= Try it =
From the line with "Red Bridge Herren" through the line with "The full description", repeat the entries verbatim, both end lines included, and add nothing.

= Records for this task =
*** Block opens ***
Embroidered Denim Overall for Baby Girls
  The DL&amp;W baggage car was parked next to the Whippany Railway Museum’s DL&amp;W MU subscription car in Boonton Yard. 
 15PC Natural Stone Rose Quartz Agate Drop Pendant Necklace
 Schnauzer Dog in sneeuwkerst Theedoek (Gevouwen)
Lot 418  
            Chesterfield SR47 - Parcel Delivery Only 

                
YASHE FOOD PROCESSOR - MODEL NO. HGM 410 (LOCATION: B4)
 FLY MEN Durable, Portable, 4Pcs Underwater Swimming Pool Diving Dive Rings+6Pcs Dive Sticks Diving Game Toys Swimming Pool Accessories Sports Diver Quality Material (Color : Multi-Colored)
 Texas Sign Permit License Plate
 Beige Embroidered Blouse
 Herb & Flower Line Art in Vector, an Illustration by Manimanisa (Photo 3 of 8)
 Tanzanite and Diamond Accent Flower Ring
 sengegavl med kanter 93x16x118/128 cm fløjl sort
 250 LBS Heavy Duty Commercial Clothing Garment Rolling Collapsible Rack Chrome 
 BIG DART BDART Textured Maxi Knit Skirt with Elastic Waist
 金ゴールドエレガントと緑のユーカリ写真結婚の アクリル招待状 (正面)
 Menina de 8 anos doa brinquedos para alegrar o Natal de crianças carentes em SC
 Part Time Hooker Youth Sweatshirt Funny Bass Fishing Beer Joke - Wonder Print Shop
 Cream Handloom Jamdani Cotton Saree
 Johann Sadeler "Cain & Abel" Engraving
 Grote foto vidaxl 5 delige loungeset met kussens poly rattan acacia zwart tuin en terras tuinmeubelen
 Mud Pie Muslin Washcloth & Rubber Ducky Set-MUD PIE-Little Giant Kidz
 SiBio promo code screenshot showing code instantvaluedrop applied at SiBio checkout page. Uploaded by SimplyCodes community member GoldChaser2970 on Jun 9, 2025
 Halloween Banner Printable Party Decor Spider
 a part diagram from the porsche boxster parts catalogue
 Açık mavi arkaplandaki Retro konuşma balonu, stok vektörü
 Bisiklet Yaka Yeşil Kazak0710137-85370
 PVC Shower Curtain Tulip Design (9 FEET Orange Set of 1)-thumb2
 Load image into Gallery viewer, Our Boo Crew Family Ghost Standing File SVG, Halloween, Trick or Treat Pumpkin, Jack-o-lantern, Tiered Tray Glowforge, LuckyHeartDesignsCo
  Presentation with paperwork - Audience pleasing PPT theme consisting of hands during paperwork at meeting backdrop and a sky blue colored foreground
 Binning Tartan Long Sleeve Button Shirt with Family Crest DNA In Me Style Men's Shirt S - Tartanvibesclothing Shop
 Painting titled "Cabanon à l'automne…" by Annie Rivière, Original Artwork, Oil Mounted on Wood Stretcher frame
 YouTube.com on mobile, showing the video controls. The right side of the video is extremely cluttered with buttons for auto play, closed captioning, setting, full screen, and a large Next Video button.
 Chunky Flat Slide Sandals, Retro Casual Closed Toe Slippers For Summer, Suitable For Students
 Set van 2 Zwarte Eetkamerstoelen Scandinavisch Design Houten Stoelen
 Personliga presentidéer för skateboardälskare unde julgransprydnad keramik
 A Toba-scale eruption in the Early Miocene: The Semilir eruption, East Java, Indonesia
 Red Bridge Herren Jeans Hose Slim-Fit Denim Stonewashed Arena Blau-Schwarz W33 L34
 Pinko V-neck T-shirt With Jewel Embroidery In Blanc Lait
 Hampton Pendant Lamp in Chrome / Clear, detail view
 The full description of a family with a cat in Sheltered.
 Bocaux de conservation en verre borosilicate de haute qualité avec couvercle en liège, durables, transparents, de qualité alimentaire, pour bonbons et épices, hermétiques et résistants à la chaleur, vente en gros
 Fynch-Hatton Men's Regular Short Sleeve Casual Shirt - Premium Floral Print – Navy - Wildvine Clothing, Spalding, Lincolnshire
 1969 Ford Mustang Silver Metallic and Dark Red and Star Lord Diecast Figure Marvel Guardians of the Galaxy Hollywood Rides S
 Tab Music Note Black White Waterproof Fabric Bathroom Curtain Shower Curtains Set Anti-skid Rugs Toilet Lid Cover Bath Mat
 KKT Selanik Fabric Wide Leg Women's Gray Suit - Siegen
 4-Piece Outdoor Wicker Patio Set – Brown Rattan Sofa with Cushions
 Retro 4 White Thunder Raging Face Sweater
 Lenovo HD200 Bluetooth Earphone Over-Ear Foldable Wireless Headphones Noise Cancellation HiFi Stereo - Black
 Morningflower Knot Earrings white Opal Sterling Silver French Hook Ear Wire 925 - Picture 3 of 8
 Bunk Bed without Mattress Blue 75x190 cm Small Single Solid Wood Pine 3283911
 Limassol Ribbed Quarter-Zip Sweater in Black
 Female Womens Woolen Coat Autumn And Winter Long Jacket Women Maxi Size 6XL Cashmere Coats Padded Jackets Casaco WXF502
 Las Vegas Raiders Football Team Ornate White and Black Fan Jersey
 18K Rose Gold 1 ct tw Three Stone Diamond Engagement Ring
*** Block closes ***
= Expected answer =
 Red Bridge Herren Jeans Hose Slim-Fit Denim Stonewashed Arena Blau-Schwarz W33 L34
 Pinko V-neck T-shirt With Jewel Embroidery In Blanc Lait
 Hampton Pendant Lamp in Chrome / Clear, detail view
 The full description of a family with a cat in Sheltered.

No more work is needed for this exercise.